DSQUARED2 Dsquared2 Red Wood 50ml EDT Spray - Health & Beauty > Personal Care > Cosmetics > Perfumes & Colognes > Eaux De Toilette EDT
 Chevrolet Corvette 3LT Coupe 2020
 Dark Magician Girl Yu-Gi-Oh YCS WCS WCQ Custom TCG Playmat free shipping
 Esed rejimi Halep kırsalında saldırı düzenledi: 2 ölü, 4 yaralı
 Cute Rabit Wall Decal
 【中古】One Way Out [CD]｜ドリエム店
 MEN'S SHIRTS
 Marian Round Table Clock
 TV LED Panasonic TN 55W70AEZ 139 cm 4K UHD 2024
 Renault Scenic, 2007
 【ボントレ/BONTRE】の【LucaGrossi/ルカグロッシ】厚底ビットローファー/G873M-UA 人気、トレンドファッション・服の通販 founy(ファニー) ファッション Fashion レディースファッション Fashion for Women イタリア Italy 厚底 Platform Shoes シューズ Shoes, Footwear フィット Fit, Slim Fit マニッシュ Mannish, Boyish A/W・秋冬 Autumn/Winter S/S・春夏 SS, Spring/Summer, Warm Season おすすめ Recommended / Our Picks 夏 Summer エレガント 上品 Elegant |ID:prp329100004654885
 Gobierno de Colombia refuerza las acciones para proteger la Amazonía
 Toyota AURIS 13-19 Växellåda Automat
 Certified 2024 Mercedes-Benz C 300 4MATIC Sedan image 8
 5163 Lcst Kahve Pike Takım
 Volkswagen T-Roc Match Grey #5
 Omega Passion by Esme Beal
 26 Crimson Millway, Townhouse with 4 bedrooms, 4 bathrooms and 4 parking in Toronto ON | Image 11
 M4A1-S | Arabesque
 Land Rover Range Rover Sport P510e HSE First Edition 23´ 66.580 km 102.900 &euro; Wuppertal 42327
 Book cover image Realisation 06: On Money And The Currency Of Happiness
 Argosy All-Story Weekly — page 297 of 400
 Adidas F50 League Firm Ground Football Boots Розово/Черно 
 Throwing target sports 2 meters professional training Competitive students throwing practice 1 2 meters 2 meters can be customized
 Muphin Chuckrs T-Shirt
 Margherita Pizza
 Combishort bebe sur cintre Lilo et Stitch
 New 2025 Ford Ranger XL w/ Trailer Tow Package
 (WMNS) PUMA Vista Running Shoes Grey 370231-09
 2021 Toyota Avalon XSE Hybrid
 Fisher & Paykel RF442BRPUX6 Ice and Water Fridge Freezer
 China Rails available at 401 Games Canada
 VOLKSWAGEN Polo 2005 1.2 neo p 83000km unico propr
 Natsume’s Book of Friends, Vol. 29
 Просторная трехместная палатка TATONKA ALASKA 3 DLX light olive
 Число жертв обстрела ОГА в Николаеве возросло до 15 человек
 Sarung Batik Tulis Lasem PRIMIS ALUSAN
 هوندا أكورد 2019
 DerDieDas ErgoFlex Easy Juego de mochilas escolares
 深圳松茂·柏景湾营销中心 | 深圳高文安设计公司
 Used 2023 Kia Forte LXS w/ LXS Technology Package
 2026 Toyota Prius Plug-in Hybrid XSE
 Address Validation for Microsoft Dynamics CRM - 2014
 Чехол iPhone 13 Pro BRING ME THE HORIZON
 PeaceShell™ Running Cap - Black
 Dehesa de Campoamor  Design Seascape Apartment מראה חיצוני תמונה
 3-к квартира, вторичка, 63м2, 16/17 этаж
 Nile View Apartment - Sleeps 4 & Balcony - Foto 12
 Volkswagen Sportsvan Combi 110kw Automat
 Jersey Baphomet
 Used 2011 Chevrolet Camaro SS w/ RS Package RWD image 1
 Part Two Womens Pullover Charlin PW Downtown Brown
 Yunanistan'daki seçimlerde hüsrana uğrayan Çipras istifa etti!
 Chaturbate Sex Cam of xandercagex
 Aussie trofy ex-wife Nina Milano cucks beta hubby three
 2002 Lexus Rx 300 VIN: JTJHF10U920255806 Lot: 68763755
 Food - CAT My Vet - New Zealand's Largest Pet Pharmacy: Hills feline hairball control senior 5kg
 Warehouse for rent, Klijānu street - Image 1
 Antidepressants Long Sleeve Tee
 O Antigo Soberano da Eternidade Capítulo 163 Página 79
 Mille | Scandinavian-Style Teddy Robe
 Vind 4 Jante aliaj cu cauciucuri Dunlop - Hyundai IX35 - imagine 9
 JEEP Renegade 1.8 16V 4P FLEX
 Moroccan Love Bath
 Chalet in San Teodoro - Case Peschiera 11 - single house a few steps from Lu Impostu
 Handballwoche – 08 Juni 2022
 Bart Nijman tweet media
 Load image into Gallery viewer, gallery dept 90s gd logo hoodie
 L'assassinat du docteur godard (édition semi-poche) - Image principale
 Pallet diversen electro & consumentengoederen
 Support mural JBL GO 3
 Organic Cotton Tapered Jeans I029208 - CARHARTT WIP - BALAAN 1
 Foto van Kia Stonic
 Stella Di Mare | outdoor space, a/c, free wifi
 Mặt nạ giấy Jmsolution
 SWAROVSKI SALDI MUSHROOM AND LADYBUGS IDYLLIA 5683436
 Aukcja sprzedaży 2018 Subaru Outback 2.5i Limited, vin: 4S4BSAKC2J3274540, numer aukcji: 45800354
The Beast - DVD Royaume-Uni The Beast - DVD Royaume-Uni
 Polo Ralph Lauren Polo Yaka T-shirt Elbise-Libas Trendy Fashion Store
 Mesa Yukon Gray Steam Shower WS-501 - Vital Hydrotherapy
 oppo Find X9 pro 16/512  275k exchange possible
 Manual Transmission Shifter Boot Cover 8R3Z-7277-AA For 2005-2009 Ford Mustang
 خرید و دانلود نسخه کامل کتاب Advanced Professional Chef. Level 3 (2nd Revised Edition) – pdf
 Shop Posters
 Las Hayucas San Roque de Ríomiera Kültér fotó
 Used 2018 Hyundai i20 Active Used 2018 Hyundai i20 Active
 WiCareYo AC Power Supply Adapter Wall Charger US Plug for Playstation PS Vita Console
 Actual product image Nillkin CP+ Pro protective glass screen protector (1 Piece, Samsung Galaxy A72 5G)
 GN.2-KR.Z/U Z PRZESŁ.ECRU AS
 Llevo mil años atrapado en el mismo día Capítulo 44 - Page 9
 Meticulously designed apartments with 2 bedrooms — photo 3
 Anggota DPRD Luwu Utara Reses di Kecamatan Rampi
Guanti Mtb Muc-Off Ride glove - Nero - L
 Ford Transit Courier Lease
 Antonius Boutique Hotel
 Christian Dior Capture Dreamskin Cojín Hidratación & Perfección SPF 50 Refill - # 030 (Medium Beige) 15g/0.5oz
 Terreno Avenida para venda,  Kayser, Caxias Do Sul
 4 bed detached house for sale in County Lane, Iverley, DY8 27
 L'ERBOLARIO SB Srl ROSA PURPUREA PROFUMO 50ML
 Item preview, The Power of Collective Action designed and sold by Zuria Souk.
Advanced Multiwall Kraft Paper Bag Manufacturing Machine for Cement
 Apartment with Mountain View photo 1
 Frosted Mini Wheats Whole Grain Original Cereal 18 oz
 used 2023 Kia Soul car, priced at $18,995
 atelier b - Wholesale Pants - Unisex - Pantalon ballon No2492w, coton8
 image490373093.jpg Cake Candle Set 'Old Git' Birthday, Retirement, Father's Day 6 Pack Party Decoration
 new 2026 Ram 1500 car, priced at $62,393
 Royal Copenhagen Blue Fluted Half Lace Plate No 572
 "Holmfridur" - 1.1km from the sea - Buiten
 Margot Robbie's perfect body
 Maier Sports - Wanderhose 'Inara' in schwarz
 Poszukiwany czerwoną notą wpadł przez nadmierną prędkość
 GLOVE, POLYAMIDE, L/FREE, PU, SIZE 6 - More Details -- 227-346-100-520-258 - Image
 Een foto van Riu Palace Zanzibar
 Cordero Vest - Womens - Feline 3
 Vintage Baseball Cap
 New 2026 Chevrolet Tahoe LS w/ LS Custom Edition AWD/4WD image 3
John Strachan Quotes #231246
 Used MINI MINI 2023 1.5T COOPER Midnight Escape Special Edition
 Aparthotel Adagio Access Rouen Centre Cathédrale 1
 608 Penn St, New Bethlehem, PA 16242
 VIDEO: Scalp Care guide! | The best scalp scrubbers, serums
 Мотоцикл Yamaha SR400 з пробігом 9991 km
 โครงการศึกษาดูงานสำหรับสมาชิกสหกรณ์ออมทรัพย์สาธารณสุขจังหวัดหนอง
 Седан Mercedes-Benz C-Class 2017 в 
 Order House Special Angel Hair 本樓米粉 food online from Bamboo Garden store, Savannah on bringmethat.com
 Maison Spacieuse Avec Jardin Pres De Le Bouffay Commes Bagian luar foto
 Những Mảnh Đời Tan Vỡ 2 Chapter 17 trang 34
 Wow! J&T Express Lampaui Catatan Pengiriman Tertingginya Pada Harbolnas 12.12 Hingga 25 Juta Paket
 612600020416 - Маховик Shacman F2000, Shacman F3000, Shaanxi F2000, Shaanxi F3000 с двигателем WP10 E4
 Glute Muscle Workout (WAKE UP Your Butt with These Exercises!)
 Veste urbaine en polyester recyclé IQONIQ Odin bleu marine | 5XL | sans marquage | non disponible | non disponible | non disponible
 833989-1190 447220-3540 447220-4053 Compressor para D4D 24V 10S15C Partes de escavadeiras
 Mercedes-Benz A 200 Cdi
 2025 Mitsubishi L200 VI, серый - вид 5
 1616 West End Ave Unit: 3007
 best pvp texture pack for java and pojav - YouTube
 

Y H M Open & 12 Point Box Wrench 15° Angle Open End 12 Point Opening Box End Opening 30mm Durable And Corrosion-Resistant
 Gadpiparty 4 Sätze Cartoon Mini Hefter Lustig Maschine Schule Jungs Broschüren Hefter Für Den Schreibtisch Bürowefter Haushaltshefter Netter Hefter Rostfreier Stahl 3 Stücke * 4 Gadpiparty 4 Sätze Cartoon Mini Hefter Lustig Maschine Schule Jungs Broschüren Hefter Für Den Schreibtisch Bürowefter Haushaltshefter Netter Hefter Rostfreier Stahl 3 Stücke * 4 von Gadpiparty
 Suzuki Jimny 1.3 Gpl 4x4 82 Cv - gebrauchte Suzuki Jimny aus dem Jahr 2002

[How to complete this task]: Return every line from the entries that holds the string "para".

[Answer to the problem]:
 Gobierno de Colombia refuerza las acciones para proteger la Amazonía
 Terreno Avenida para venda,  Kayser, Caxias Do Sul
 833989-1190 447220-3540 447220-4053 Compressor para D4D 24V 10S15C Partes de escavadeiras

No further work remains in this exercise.